Levei cinco minutos pra descobrir que eu mesmo o escrevi, provavelmente em 2006/2007.

"Huntar" é uma estória escrita por um cidadão chamado Caio, sob o nick de Purgatory_Archangel, e eu servia como revisor/crítico.
Tal cidadão apareceu do nada no finado fórum do Pamonhas of Apocalypse, e sumiu quando o referido fórum foi pro saco.
Aye, as badass as it sounds.

Huntar tinha dois personagens principais, Doc e Goggles; e a "série" nunca foi acabada. Nesta versão que eu fiz, a história se passa anos depois do último capítulo de Huntar que foi lançado.
Eu também não terminei o conto, mas está aí. Enjoy.

-----

.Setor Lambda 7
..Dorgen Ruins

- Tem manteiga?

12º ano após a queda dos Excluídos.

- Dá pra raspar o pote ainda.

13º aniversário da morte de Doc, soldado lendário que dizem ter matado o governador anterior.
E dois soldados que por acaso lembraram-se do fato o homenageavam passando margarina em pão mofado.
07:30 da manhã, tempo fechado, temperatura de 12°C. Um dia maravilhoso para aquele setor.

- Doc dizia que penicilina faz bem. Ele iria ficar satisfeito com isso.
- Sim, misturada com manteiga dá um lustre interessante nas armas, embora fiquem escorregadias.
Os dois lustraram suas armas com o composto e levantaram-se,

- Há quanto tempo não comemos algo por necessidade?
- Uns 10 anos, acho.
- Oh..

Há dois meses foi descoberta uma porta não catalogada no sistema de informação do governo. Todas as portas eram catalogadas pelo governo. Era ilegal possuir uma porta não catalogada, ou construídas sem autorização. Como não havia burocracia alguma para se fazer uma porta, era uma maneira tola para arrecadar dinheiro.

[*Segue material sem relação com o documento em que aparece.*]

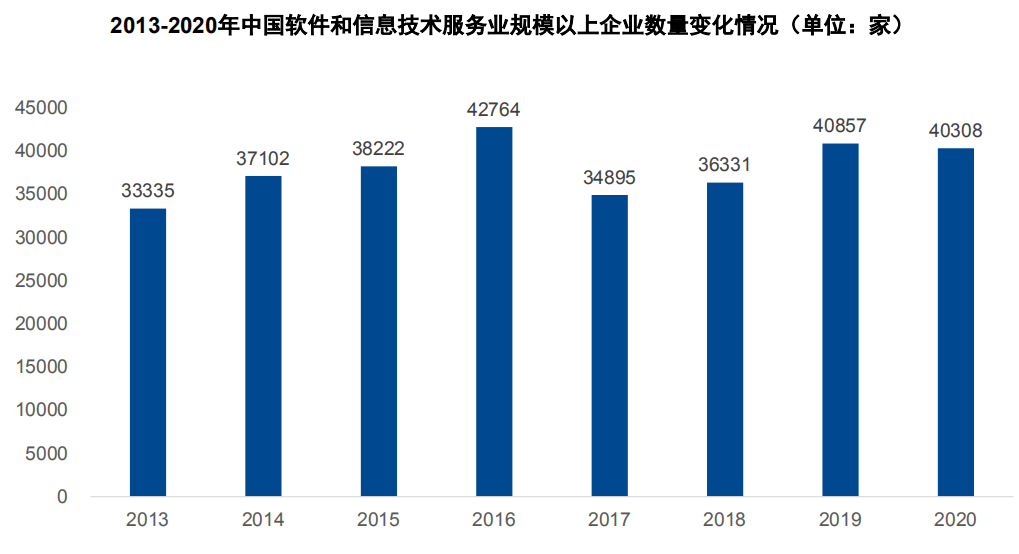 2021年软件和信息技术服务业全景回顾与前景展望行业专题报告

Três esquadrões militares foram destacados para coletar informações, e não voltaram. "Devem ter morrido também".
O único sobrevivente que viu a Porta (nome oficial elaborado depois de 7 minutos de discussão. Desistiram de discutir porque o café estava esfriando) foi um prestador autônomo de serviços militares.

.Sede do Governo
..Salinha do Café

- Eu vi a Porta (nome prático). Nos metros anteriores a dela, corpos de vários soldados, alguns do governo, alguns de guerrilhas, e alguns com distintivos toscos que não me dei ao trabalho de tentar reconhecer. Sentado na frente da porta, um único homem a guardava. Fora ele quem dizimou os grupos de reconhecimento.
- E por que você foi poupado, então, diabos?
- O homem disse que eu fui o único que não chegou atirando, então pude manter uma conversa com ele.

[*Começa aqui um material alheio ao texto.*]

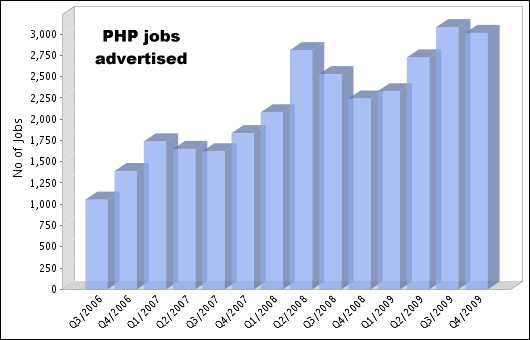 PHP demand - 2006 to 2010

*o prestador autônomo de serviços militares pigarreou*

- Ele pediu informações sobre a bolsa de valores, as modelos de moda do momento, e o sabor da Coca-Cola. Ele parecia ter muito interesse em Coca-Cola. E em mulheres também. Na verdade, ele se revelou satisfeito ao saber que não existe mais bolsa de valores.
- E por que infernos ele está lá?
- Ah.. a conversa estava tão interessante que não me lembrei de perguntar. Mas sei que ele não come, dorme apenas 2 horas por dia (fracionada entre as 24 horas totais), e suas únicas armas são uma pistola com munição infinita e um teclado com o qual ele controla as metralhadoras de avião presas no teto.
- Pistola com munição infinita.
- Sim, uma beleza! Toda feita a mão, utilizando yoctotecnologia, design feito pela antiga Pininfarina, e com um pequeno ornamento, tipo aqueles de espadas chinesas, mas menor.
- Yoctotecnologia.
- Yoctotecnologia.
- Você vai até a Porta, fala com o guardião da Porta, tem um papo animadíssimo com o mesmo, e não pergunta por que raios ele está ali, ou para quê serve a porta?
- Claro, não fui pago para trazer informações, fui pago para chegar vivo até a porta. Todo o resto foi parte do meu free-time depois de cumprir a missão.
- (O que aconteceu com os bons mercenários de quando o autor dessa fic era outro?)

[EoF]

-------

Ah sim, me avisem se conhecerem algum Caio que um dia atendeu como Purgatory_Archangel.